ASSIGNMENT.
Exactly the lines from the line containing "Miniatura 4 de" through the final line of the entries below must be returned, and only those, without pictures.

[Web page caption snippets]
—————

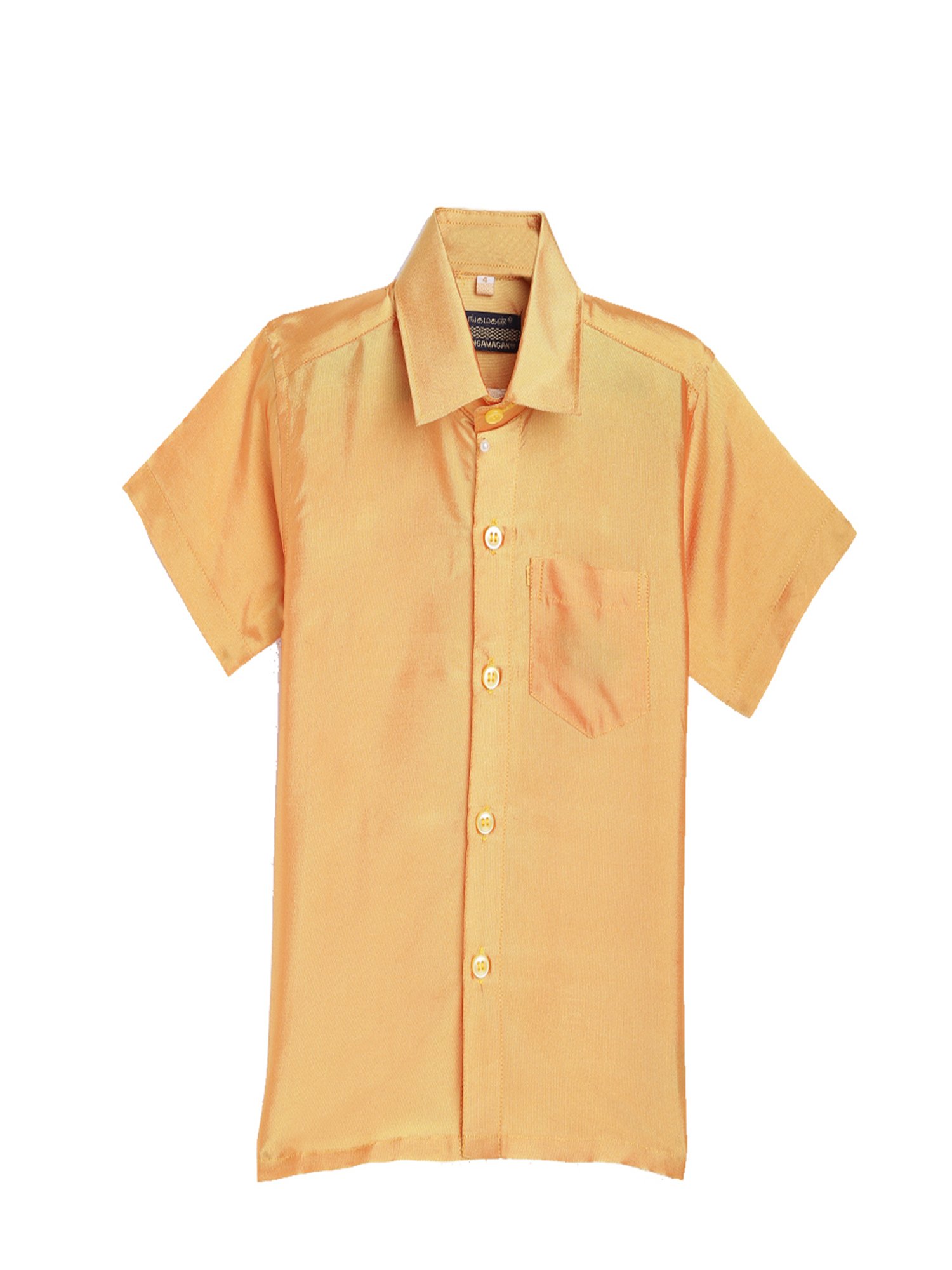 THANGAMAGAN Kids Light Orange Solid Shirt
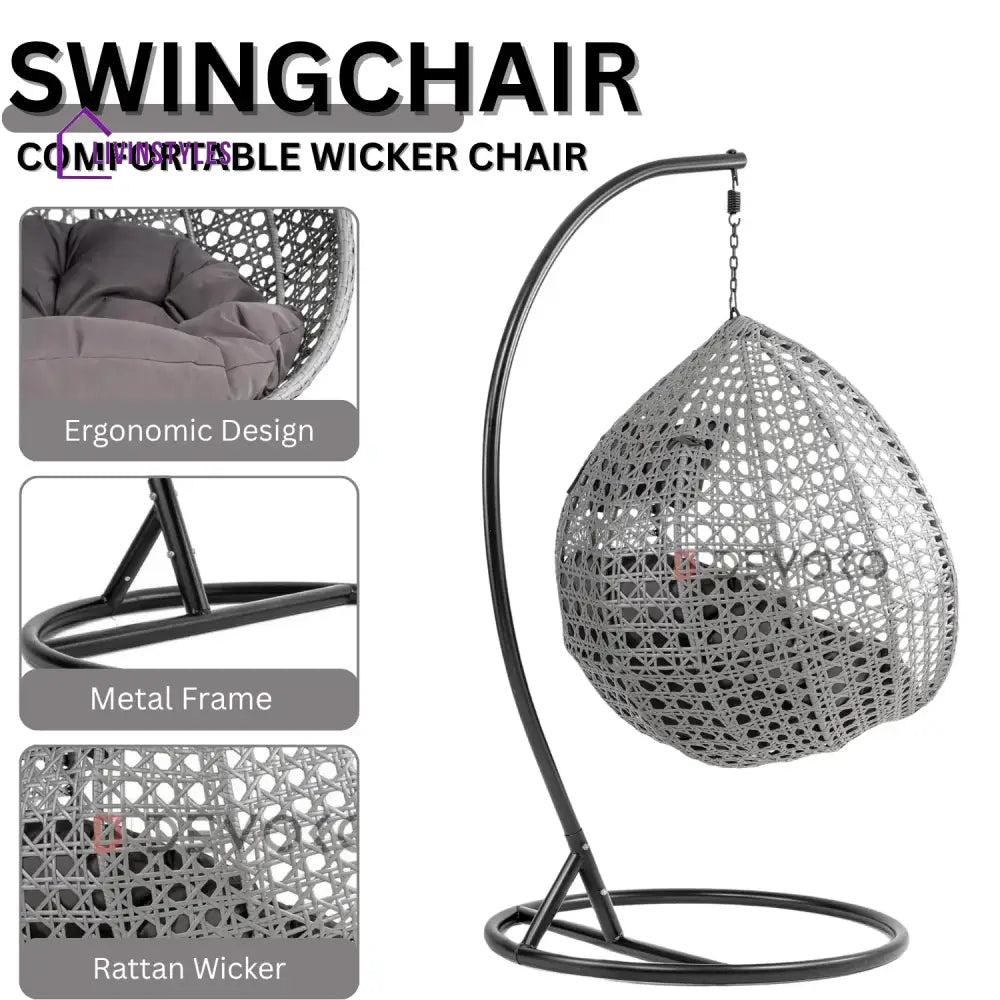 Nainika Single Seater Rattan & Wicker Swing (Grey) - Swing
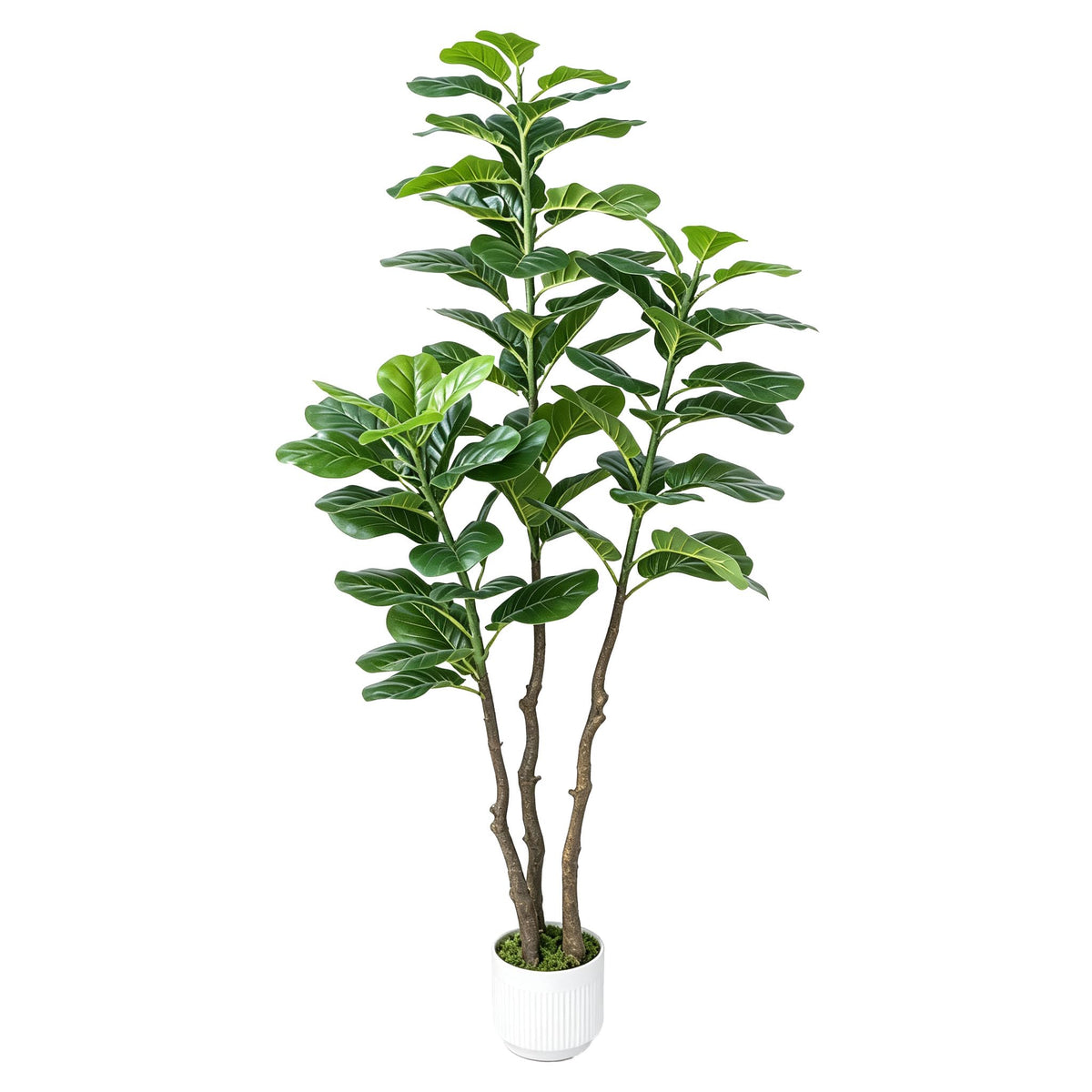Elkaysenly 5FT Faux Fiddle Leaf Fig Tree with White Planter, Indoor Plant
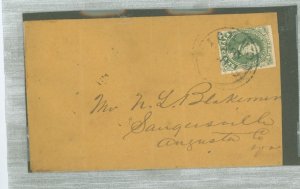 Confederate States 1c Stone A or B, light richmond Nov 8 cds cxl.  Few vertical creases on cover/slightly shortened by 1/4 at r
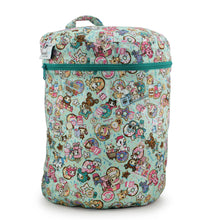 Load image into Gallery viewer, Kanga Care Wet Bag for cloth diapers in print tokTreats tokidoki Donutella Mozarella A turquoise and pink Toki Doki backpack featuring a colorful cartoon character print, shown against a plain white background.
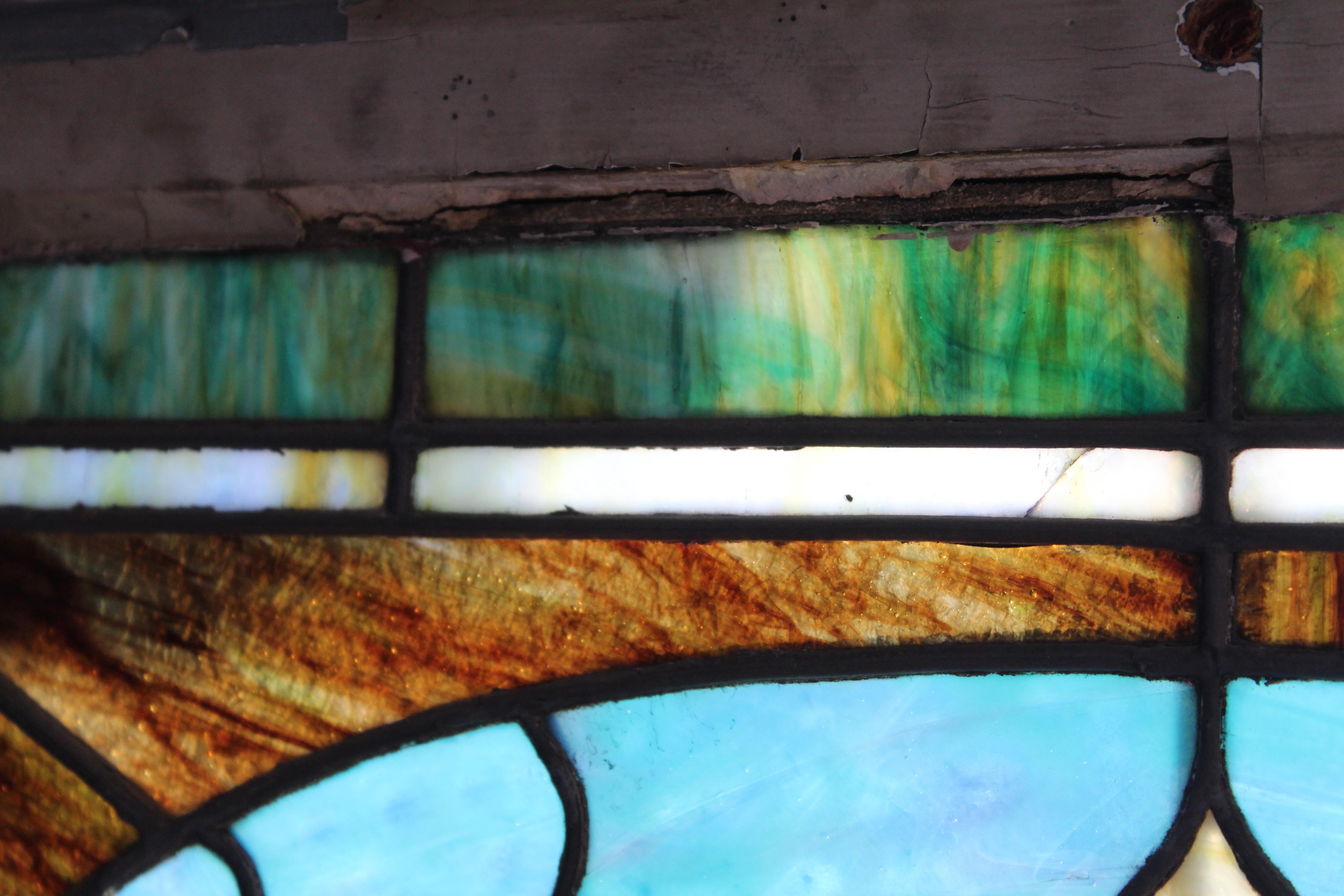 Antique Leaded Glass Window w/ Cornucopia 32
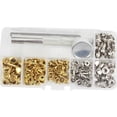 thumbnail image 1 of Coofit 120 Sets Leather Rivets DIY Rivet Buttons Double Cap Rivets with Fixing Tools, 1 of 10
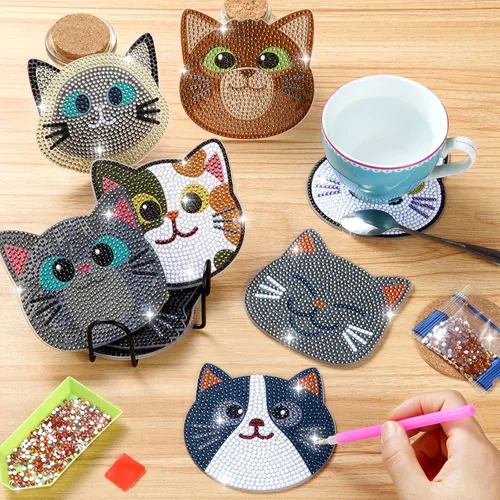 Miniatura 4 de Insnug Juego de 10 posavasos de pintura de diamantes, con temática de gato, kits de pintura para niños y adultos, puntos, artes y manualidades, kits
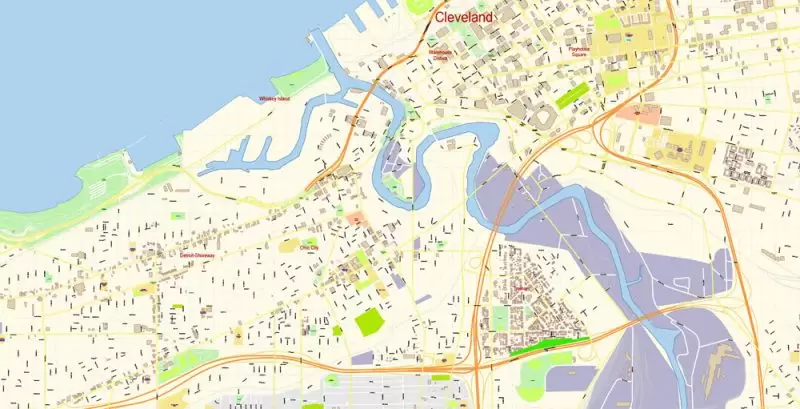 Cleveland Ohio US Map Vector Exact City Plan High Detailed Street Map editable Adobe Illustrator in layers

—————

FINAL ANSWER.
 Miniatura 4 de Insnug Juego de 10 posavasos de pintura de diamantes, con temática de gato, kits de pintura para niños y adultos, puntos, artes y manualidades, kits
 Cleveland Ohio US Map Vector Exact City Plan High Detailed Street Map editable Adobe Illustrator in layers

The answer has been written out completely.